Grammar is the system of rules that governs how a natural language is structured and used, as evidenced by its speakers or writers. These rules may concern the use of clauses, phrases, and words. The term can also refer to the study of such rules, which includes phonology, morphology, syntax, phonetics, semantics, and pragmatics.
Where does the word grammar come from?
The word grammar derives from the Greek γραμματικὴ τέχνη, grammatikḕ téchnē, meaning art of letters. It comes from γράμμα, grámma, letter, which itself comes from γράφειν, gráphein, to draw or to write. The same Greek root also appears in the words graphics, grapheme, and photograph.
Who wrote the oldest known grammar handbook?
The ancient Greek scholar Dionysius Thrax, active around 170, wrote the oldest known grammar handbook, titled the Art of Grammar. He was a student of Aristarchus of Samothrace, and his book remained the primary grammar textbook for Greek schoolboys until as late as the twelfth century AD.

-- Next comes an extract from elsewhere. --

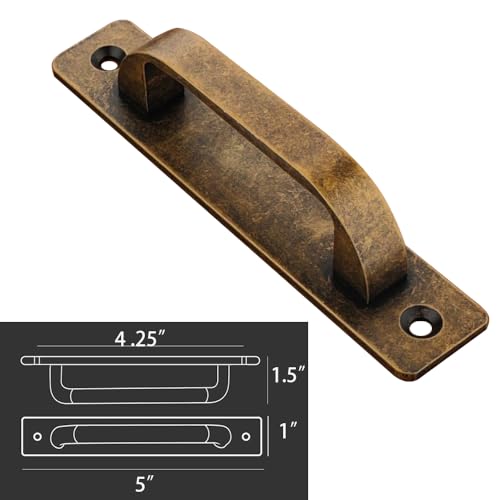 2 Pack 4 1/4 Inch 108 mm FlatCopper Cabinet Handles Aluminum Cabinet Pulls Drawer Pulls - color: FlatCopper, size: 4 1/4 Inch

What is the difference between descriptive and prescriptive grammar?
Descriptive grammar describes the grammatical constructions of a particular speech type in great detail, while linguistic prescription is a plan to marginalize some constructions and codify others. Linguists tend to view prescriptive grammar as having little justification beyond its authors' aesthetic tastes. The rules taught in schools are prescriptive in intent rather than descriptive.

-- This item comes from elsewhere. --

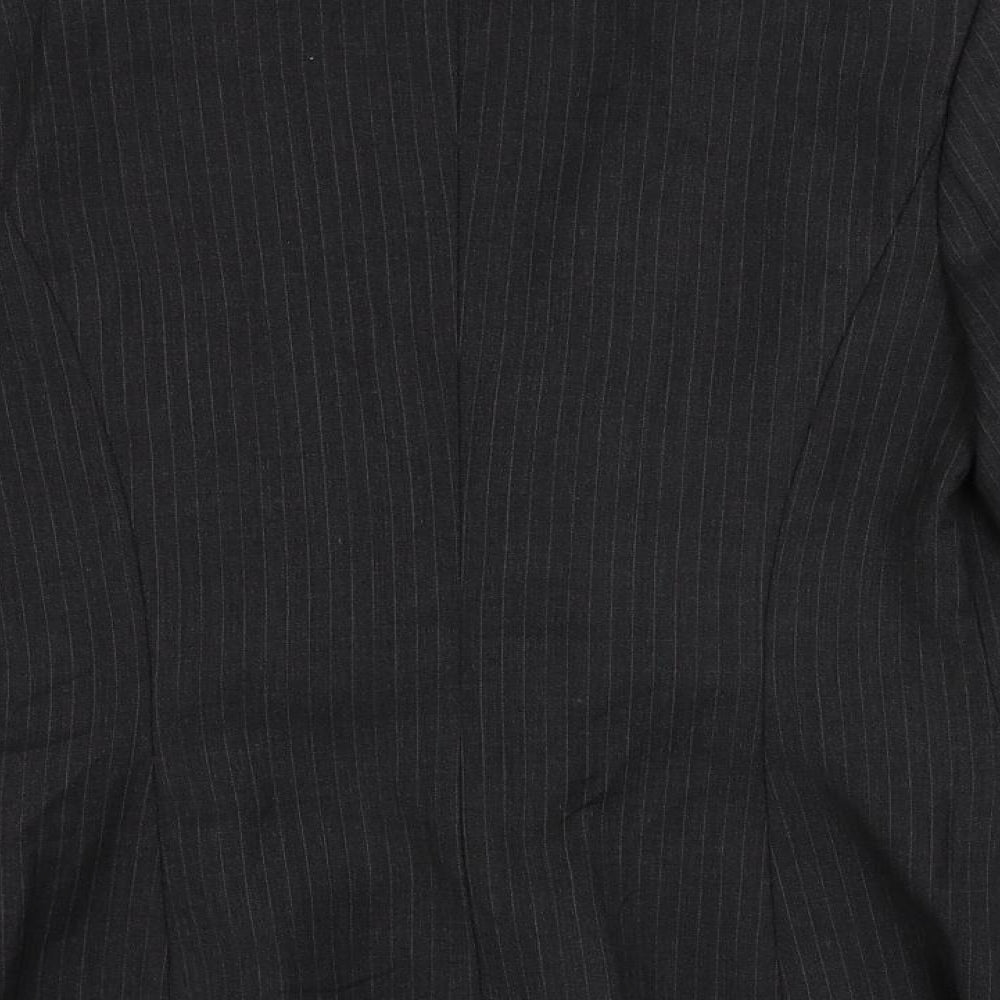 G2000 Womens Grey Striped Jacket Blazer Size XS Button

What is the difference between syntax and morphology in grammar?
Syntax refers to linguistic structure above the word level, such as how sentences are formed, while morphology refers to structure at and below the word level, such as how compound words are formed. No clear line can be drawn between syntax and morphology. Analytic languages such as Chinese and Afrikaans rely on syntax, while synthetic languages such as Latin rely on inflection.

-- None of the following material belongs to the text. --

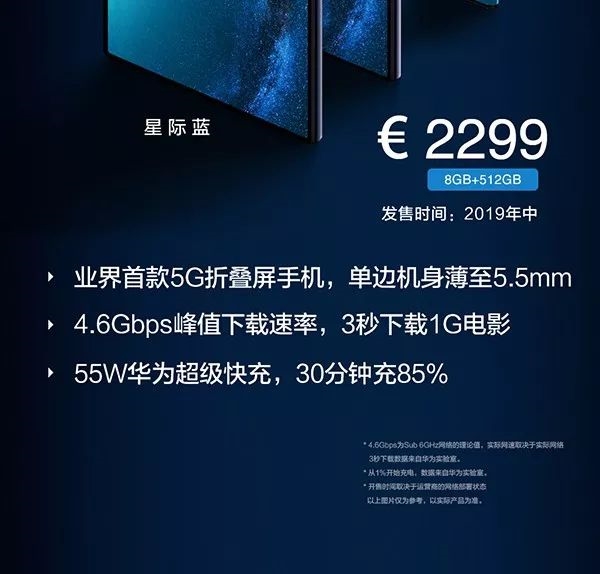 买吗?华为5G折叠屏手机售价约17500元,将在6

When is National Grammar Day?
National Grammar Day falls on the 4th of March. In the United States, the Society for the Promotion of Good Grammar designated the date as National Grammar Day in 2008.
Where did the earliest grammar traditions develop?
The first systematic grammar of Sanskrit originated in Iron Age India, with figures including Yaska in the 6th century BC and Pāṇini in the 6th to 5th century BC. Tolkāppiyam, the earliest Tamil grammar, is mostly dated to before the 5th century AD, and the grammar of Irish originated in the 7th century with Auraicept na n-Éces.